Renee A. Reijo Pera
Professor and Director
Department of Obstetrics and Gynecology
Stanford University School of Medicine
1998 Searle Scholar
Human Germ Cell Development
Infertility is one of the most common health problems in human populations worldwide with 10-15% of all couples being infertile. Approximately one third of infertility cases can be traced to male factors, one third can be traced to female factors and the remaining cases are thought to arise from subfertility of both partners (Hull et al., 1985). The objective of our research is to identify and characterize genes required for human germ cell development using the tools of human genetics and the wealth of phenotypic information that exists in reproductive clinics. Previous work led to the identification and characterization of the human DAZ (Deleted in AZoospermia) genes, a cluster of Y chromosome genes that encode an RNA-binding proteins required for normal fertility in men. Based on several observations from work on the DAZ gene family, we infer that the DAZ genes are likely to be required for allocation and maintenance of the germ cell lineage in humans, as well as, meiosis.
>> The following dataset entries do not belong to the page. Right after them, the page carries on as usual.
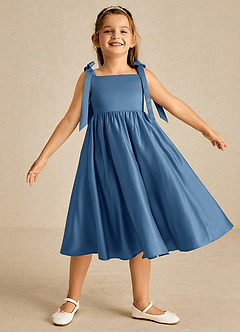 Azazie Chelsie Flower Girl Dresses Twilight A-Line Bow Matte Satin Dress image1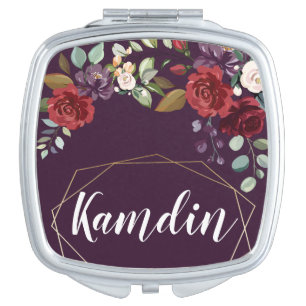 Personalized Compact Mirror Plum Purple Roses Gold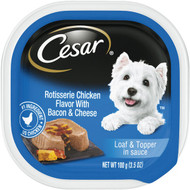 Cesar Loaf & Topper Rotisserie Chicken with Bacon & Cheese Adult Wet Dog Food  3.5 Oz.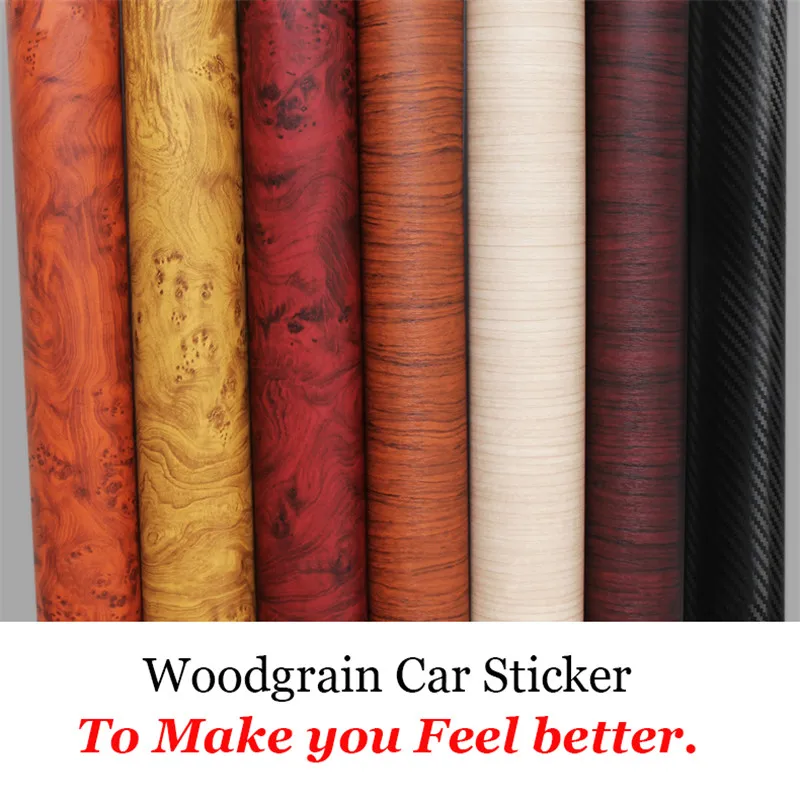 Image Car Styling 30*200CM PVC Furniture Wood Grain Car Wrap Car Film Internal Stickers Waterproof Self adhesive Car Sticker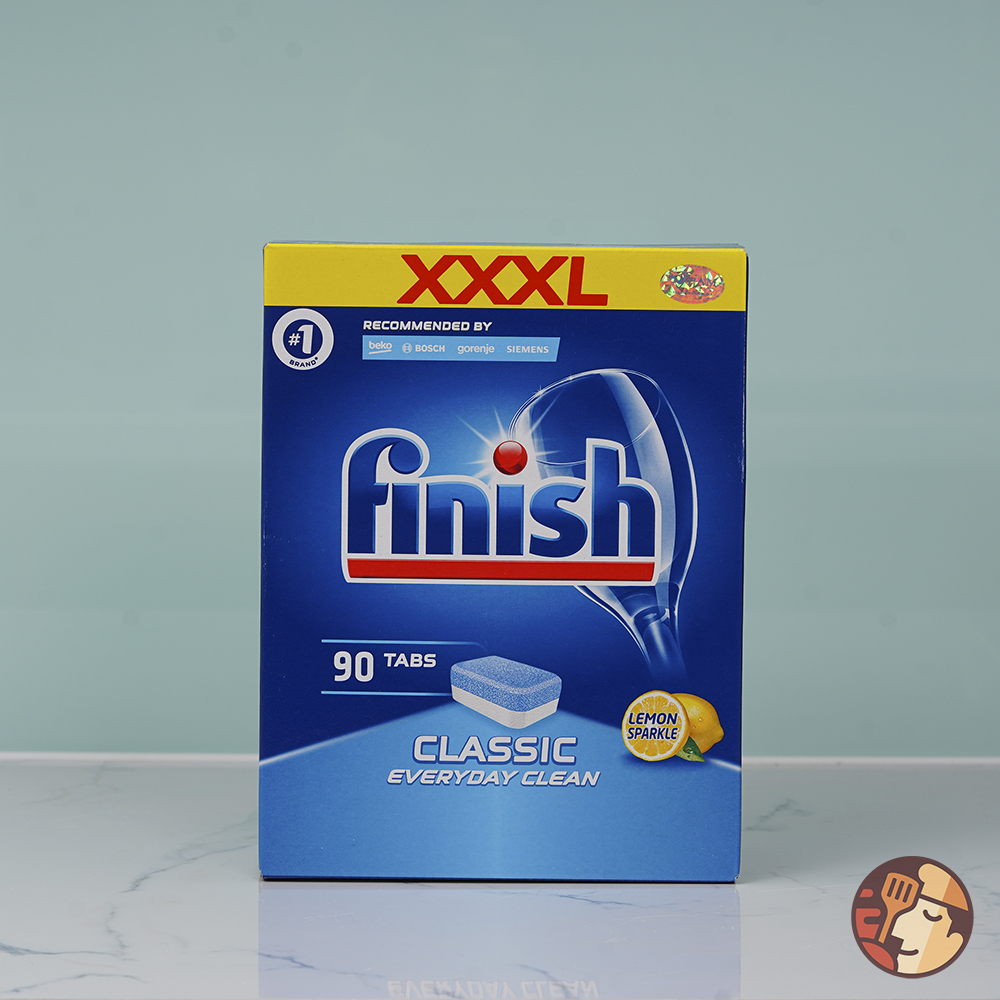 Viên rửa bát Finish Classic 90 viên - Hương chanh, nhập khẩu chính hãng, dùng cho máy rửa bát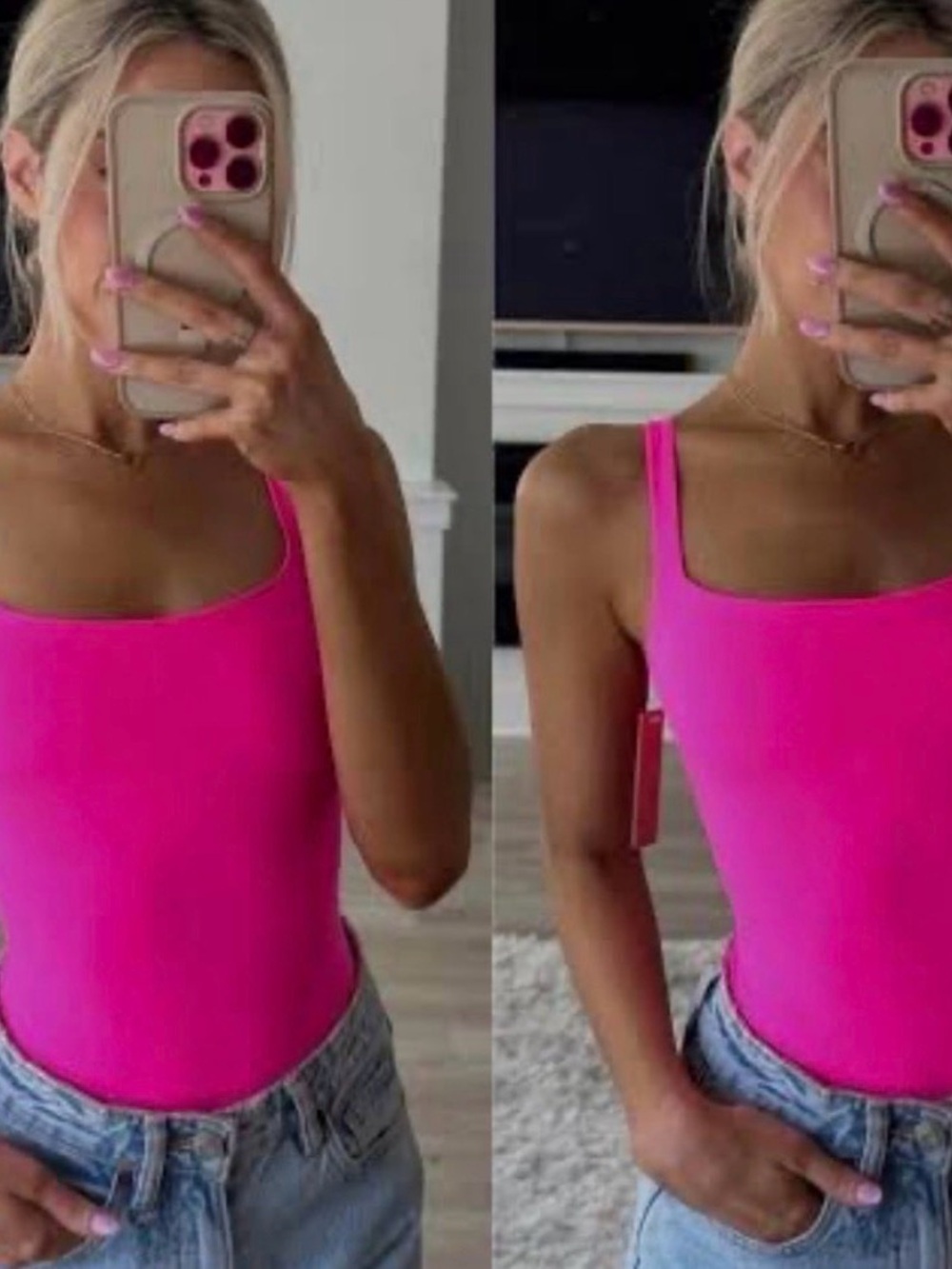 SKIMS Hot Pink Square Neck Camisole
We anticipate that defects in many other genes that may map to sex chromosomes or autosomes also contribute to infertility in human populations and that we can identify defects in these genes in clinical populations. We use biochemical, genetic and molecular biological strategies to address questions that include: 1) What is the molecular function of DAZ? It is clear that deletion of the DAZ gene cluster is associated with a severe reduction in germ cell numbers in men, that disruption of a mouse homolog results in prenatal germ cell loss in female and male mice prior to meiosis, that both the human and mouse genes are widely expressed in the earliest recognizable germ cells and precursors, and that spermatogenic defects linked to DAZ deletions are heritable via current techniques widely used in fertility clinics. What is not understood is which proteins and RNA molecules interact with DAZ protein, and by what mechanism DAZ assures that allocation or maintenance of germ cell populations occurs. 2) What other genes, in addition to DAZ, are required for germ cell allocation? What phenotypes are associated with their loss of function? Do they function upstream or downstream of DAZ? We have designed strategies to identify other genes with properties similar to DAZ that are likely required for germ cell allocation, maintenance or meiosis.